APM in Kubernetes brings these layers together, showing how application behavior, resource constraints, and cluster activity interact — so performance issues can be understood and addressed faster.

Why Standard APM Falls Short in Container Orchestration

Most APM tools were built for environments where applications live on fixed hosts with static IPs and predictable resource allocations. Kubernetes changes those assumptions at a fundamental level.

In a typical cluster, a pod running auth-service might be deployed on node-a today, get evicted tomorrow because of a node drain, and come back on node-c with a new IP and hostname. Horizontal Pod Autoscaling might spin up three new replicas during peak traffic, each with different CPU and memory requests based on current cluster headroom. These changes happen in seconds, faster than many legacy APMs can reconcile their topology maps.

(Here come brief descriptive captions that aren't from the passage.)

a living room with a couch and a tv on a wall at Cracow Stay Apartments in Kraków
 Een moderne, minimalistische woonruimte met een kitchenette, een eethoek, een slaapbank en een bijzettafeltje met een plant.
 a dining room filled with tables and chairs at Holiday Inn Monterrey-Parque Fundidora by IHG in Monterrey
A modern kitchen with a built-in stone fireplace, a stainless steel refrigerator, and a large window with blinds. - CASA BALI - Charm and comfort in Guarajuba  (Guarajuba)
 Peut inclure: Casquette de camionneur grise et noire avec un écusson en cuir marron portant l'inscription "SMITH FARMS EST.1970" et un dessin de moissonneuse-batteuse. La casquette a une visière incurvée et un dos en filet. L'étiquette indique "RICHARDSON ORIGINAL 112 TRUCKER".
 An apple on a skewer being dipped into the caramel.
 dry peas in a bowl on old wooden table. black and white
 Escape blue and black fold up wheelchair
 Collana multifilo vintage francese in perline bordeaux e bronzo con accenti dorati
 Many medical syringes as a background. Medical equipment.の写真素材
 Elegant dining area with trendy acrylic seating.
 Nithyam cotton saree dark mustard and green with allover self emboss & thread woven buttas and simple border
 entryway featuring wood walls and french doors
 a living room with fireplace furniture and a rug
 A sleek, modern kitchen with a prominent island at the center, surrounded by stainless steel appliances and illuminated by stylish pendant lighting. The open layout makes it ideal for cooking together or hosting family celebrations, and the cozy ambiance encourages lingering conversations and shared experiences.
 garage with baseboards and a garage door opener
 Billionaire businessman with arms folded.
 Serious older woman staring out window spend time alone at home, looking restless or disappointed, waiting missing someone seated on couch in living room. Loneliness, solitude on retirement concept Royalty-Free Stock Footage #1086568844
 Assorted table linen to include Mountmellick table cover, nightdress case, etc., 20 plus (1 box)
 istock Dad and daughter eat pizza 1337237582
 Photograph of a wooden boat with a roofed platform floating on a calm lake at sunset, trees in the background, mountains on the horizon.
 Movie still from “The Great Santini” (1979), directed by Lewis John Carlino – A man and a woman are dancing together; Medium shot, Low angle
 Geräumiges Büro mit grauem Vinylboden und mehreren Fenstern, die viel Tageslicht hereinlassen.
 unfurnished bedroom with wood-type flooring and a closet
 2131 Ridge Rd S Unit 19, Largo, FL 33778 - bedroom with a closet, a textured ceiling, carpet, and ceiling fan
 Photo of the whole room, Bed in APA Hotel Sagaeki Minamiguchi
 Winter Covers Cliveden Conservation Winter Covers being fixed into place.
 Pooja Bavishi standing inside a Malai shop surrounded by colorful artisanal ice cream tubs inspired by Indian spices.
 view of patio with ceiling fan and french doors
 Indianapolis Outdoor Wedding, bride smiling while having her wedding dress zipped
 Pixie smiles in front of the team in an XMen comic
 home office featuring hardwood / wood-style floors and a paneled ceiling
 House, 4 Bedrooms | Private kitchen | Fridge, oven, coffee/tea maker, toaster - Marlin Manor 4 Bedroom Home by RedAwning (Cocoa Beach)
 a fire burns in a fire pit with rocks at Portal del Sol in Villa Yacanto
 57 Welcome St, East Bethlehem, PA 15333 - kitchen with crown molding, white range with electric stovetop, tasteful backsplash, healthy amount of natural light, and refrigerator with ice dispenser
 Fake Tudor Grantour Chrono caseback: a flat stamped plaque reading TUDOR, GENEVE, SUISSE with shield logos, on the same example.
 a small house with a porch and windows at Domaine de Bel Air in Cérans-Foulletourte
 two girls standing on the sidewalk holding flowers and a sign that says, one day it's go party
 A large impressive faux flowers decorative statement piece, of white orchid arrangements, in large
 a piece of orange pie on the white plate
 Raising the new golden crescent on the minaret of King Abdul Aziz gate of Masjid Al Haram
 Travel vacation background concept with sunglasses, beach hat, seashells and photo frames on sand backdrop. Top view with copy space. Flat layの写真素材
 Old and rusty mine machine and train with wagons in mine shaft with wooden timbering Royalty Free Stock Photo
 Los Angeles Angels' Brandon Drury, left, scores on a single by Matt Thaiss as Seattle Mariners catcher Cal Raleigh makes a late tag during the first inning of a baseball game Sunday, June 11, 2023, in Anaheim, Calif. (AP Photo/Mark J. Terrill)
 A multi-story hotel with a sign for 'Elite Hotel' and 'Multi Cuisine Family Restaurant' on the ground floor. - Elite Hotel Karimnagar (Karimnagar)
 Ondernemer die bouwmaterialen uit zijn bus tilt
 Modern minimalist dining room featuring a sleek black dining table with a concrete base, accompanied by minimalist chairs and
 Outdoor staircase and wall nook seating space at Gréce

This makes context tracking difficult. Imagine a checkout trace that flows like this:

Ingress Controller — running on node-1, terminates TLS and routes traffic.
Auth Service — pod auth-7f8d9 on node-3 verifies the customer session.
Payment Processor — pod pay-3a2b1 on node-1 interacts with the payment gateway.

A standard APM might only record the service names and timestamps. Without Kubernetes-aware metadata, pod UID, namespace, node name, container resource usage at the time, you lose the ability to connect a 400 ms spike in payment latency to the fact that the pod was CPU-throttled after being rescheduled to a node with tighter limits.

Networking adds even more moving parts:

Service Mesh Overhead — Sidecars like Envoy can add 5–15 ms to every request hop when retries, TLS handshakes, or circuit-breaking logic kick in.
Cluster DNS — Core DNS performance can fluctuate if its pods are co-located on a busy node, causing unpredictable lookup times.
Network Policies — Dropped packets between namespaces may never surface as application errors, only as timeouts in traces.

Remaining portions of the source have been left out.